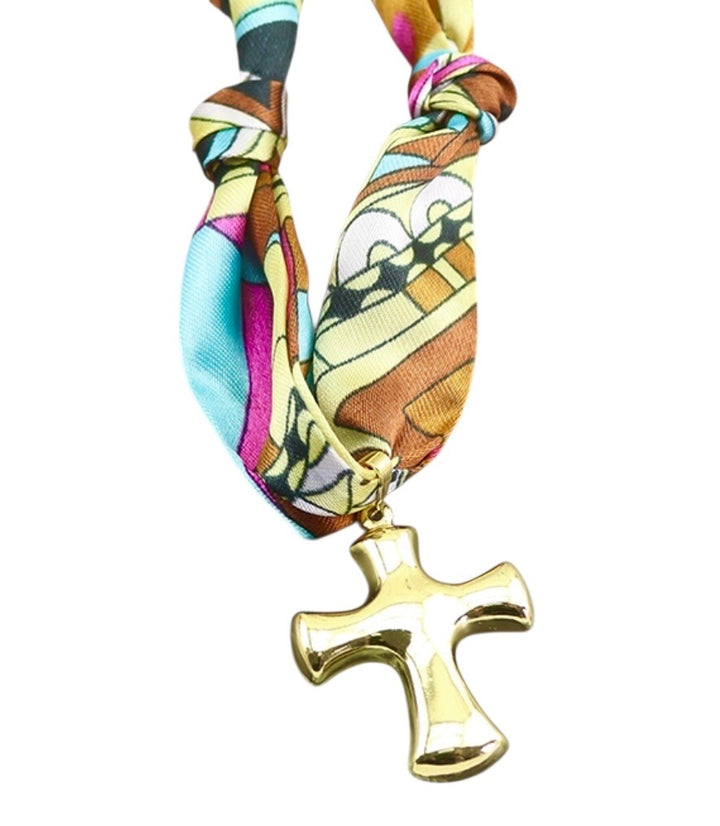 Silk Scarf necklace with Cross Charm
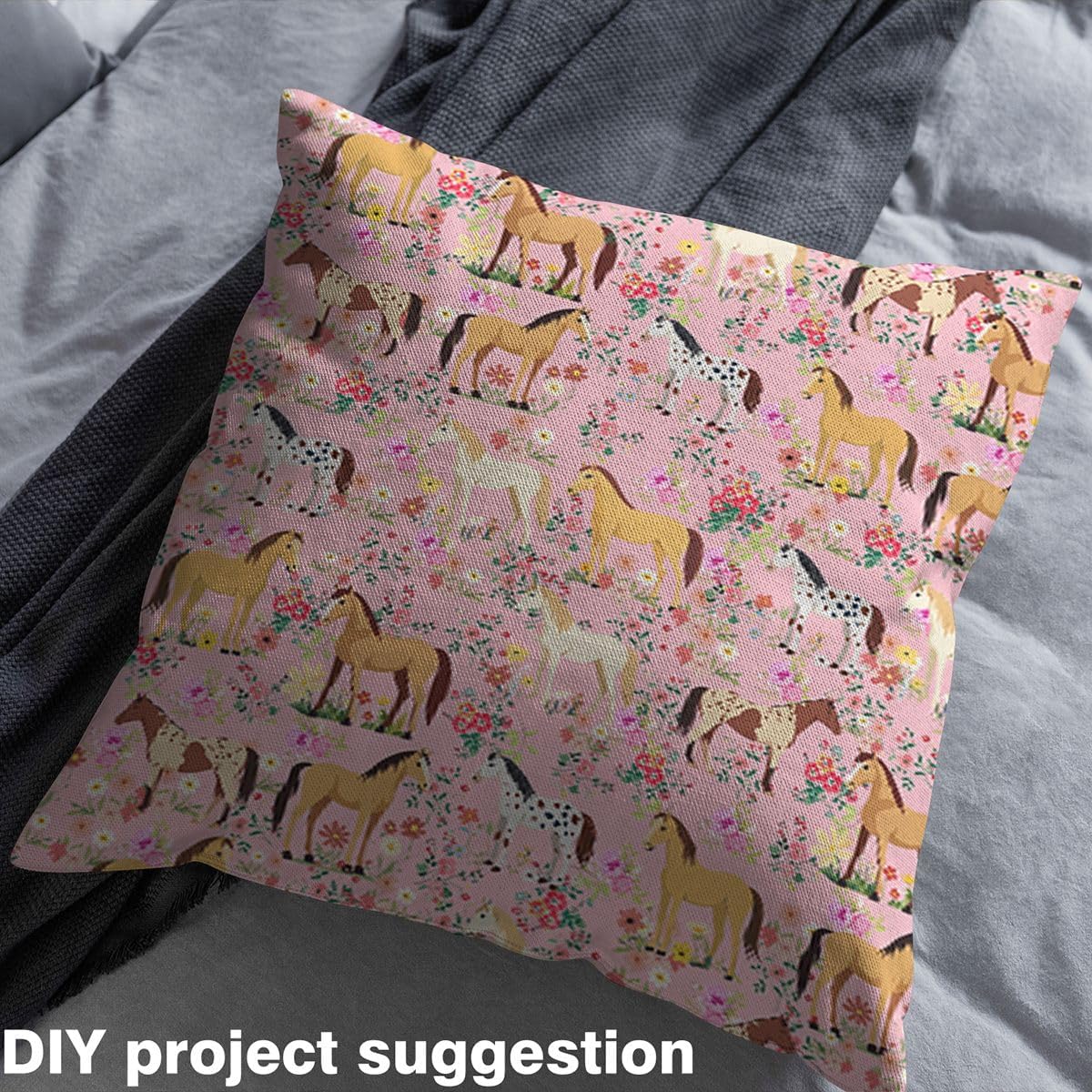 Horse Fabric by The Yard 2 Yards Cute Animal Horses Flowers Decorative Waterproof Horse Lovers Upholstery Fabric for Chairs Farmhouse Pink Outdoor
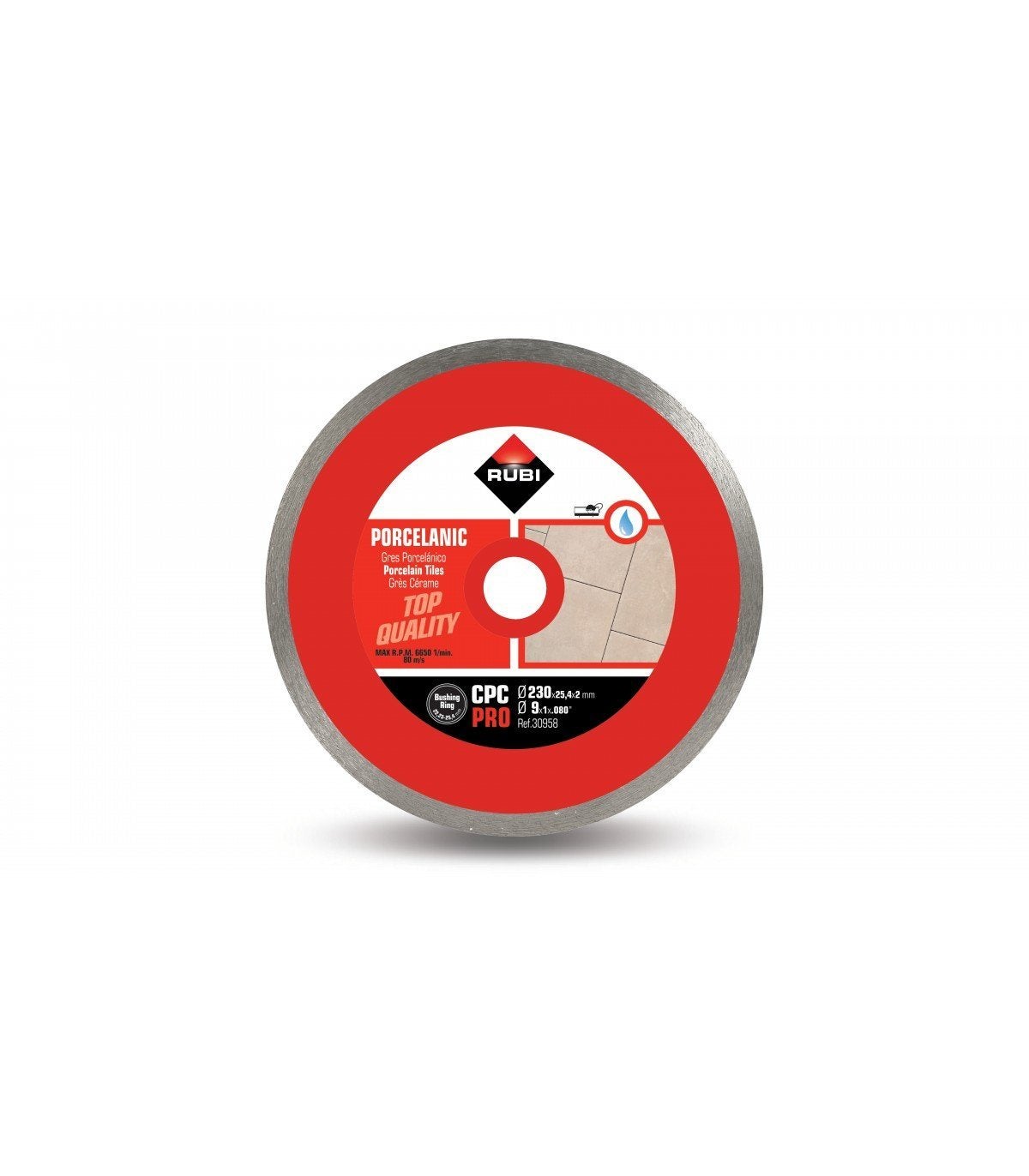 Disque Diamant grés porcelaine continu 2.2mm CPC RUBI - 230 mm - 2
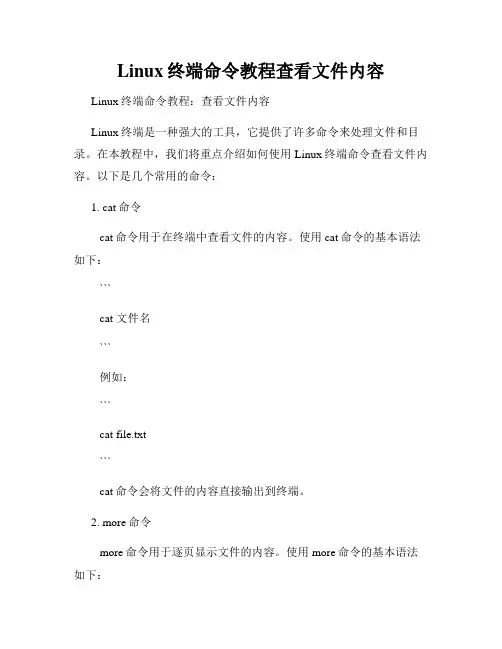 Linux终端命令教程查看文件内容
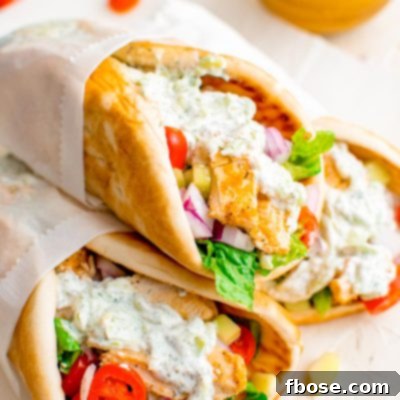 Close up photo of chicken gyros stacked on top of eachother.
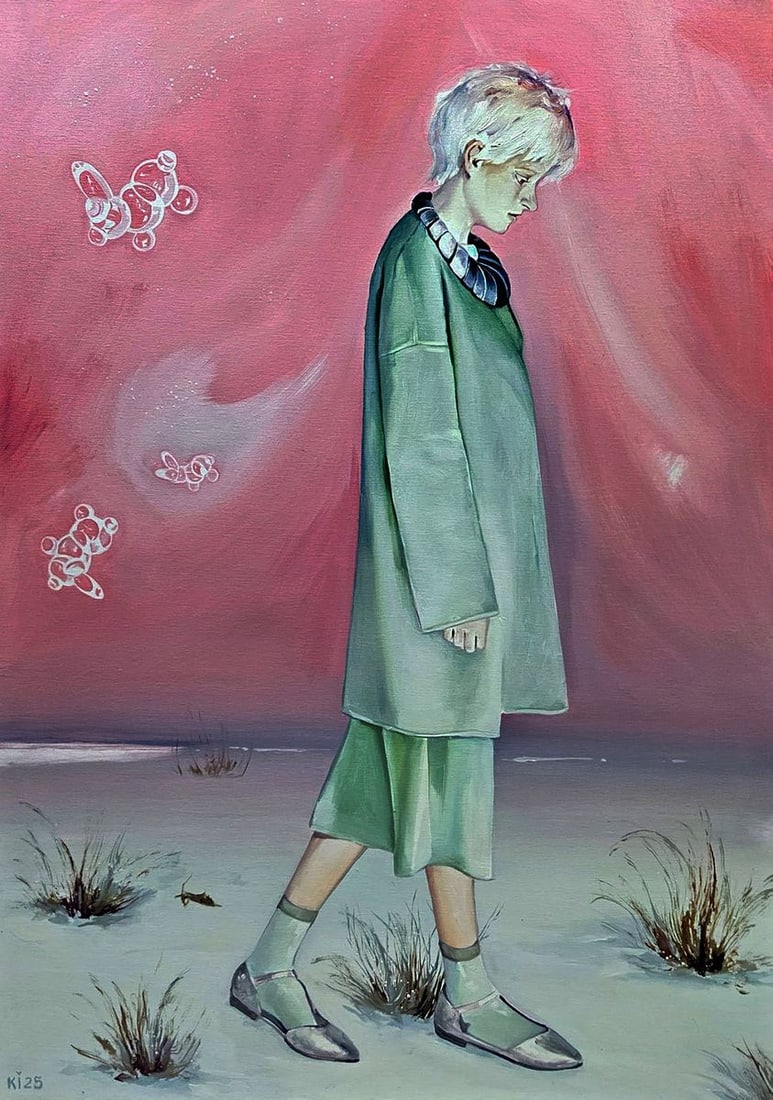 Oil painting A person's walk through blogs Igor Konovalov: Title: Oil painting A person's walk through blogs Igor Konovalov Description: No. Kon 138The oil painting on canvas titled "A Person’s Walk Through Blogs" presents a melancholic yet surreal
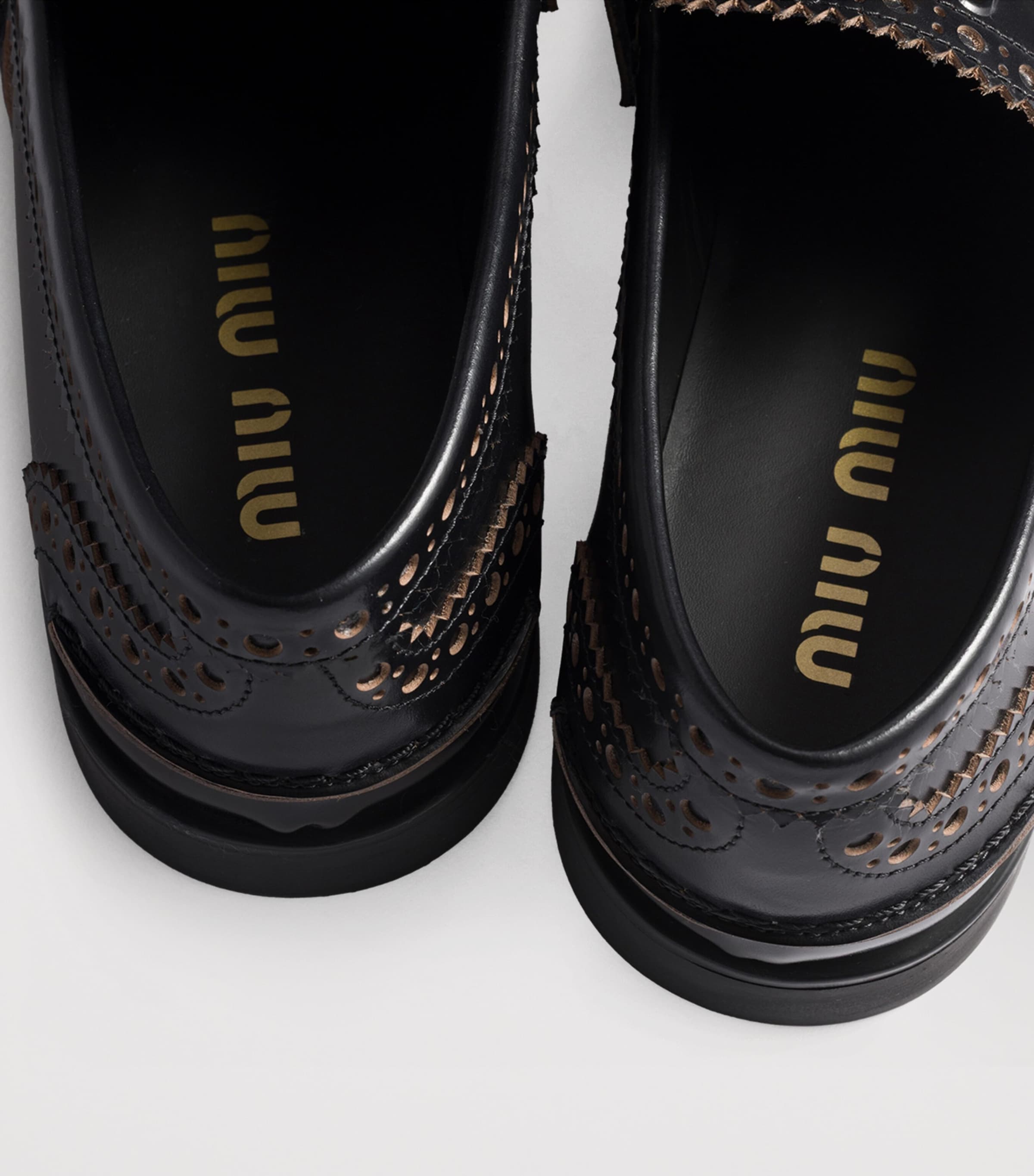 Embellished Leather Penny Loafers F0002 Image 3
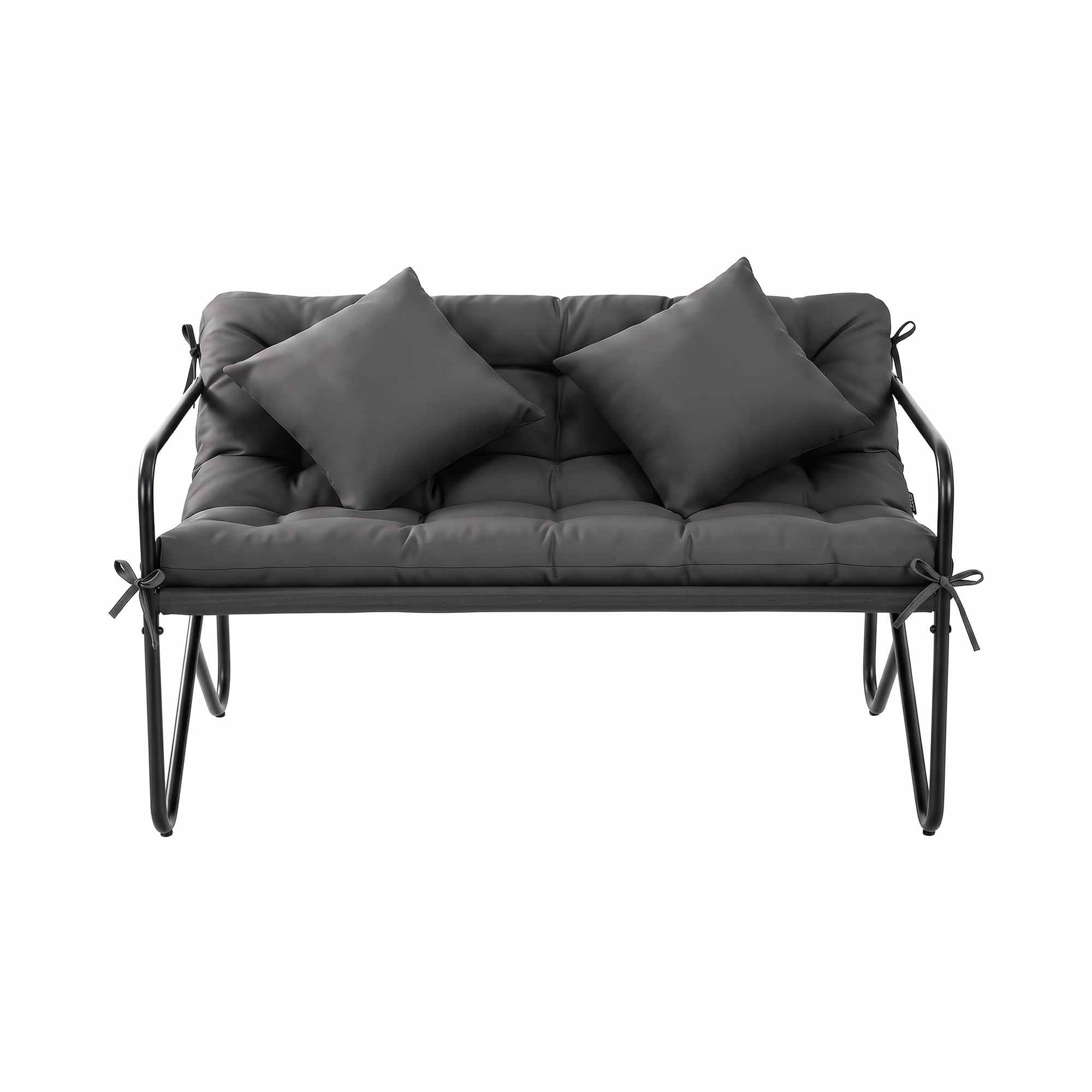 Gardeon Garden Bench 2 Seater Outdoor Bench Metal with Cushion 118cm Black Bedworld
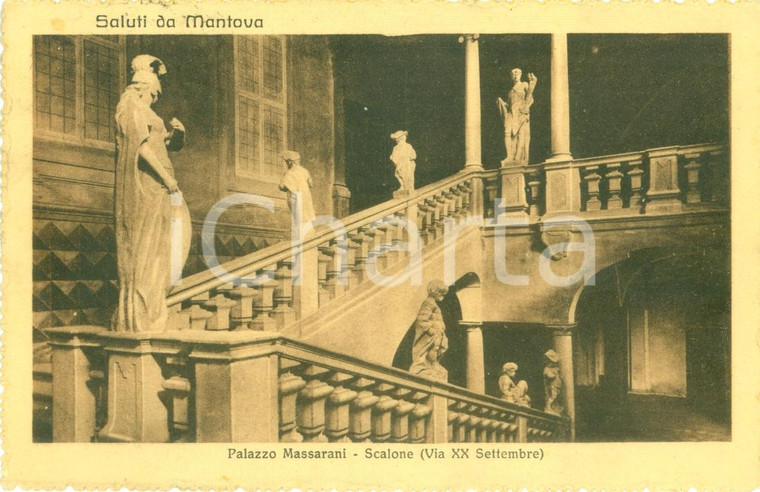 1924 MANTOVA Scalone centrale Palazzo MASSARANI *Cartolina FP VG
===
**PROBLEM REQUIREMENTS**
Set down the data above word for word, leaving every picture out.

**RESPONSE AREA**
 Silk Scarf necklace with Cross Charm
 Horse Fabric by The Yard 2 Yards Cute Animal Horses Flowers Decorative Waterproof Horse Lovers Upholstery Fabric for Chairs Farmhouse Pink Outdoor
 Disque Diamant grés porcelaine continu 2.2mm CPC RUBI - 230 mm - 2
 Linux终端命令教程查看文件内容
 Close up photo of chicken gyros stacked on top of eachother.
 Oil painting A person's walk through blogs Igor Konovalov: Title: Oil painting A person's walk through blogs Igor Konovalov Description: No. Kon 138The oil painting on canvas titled "A Person’s Walk Through Blogs" presents a melancholic yet surreal
 Embellished Leather Penny Loafers F0002 Image 3
 Gardeon Garden Bench 2 Seater Outdoor Bench Metal with Cushion 118cm Black Bedworld
 1924 MANTOVA Scalone centrale Palazzo MASSARANI *Cartolina FP VG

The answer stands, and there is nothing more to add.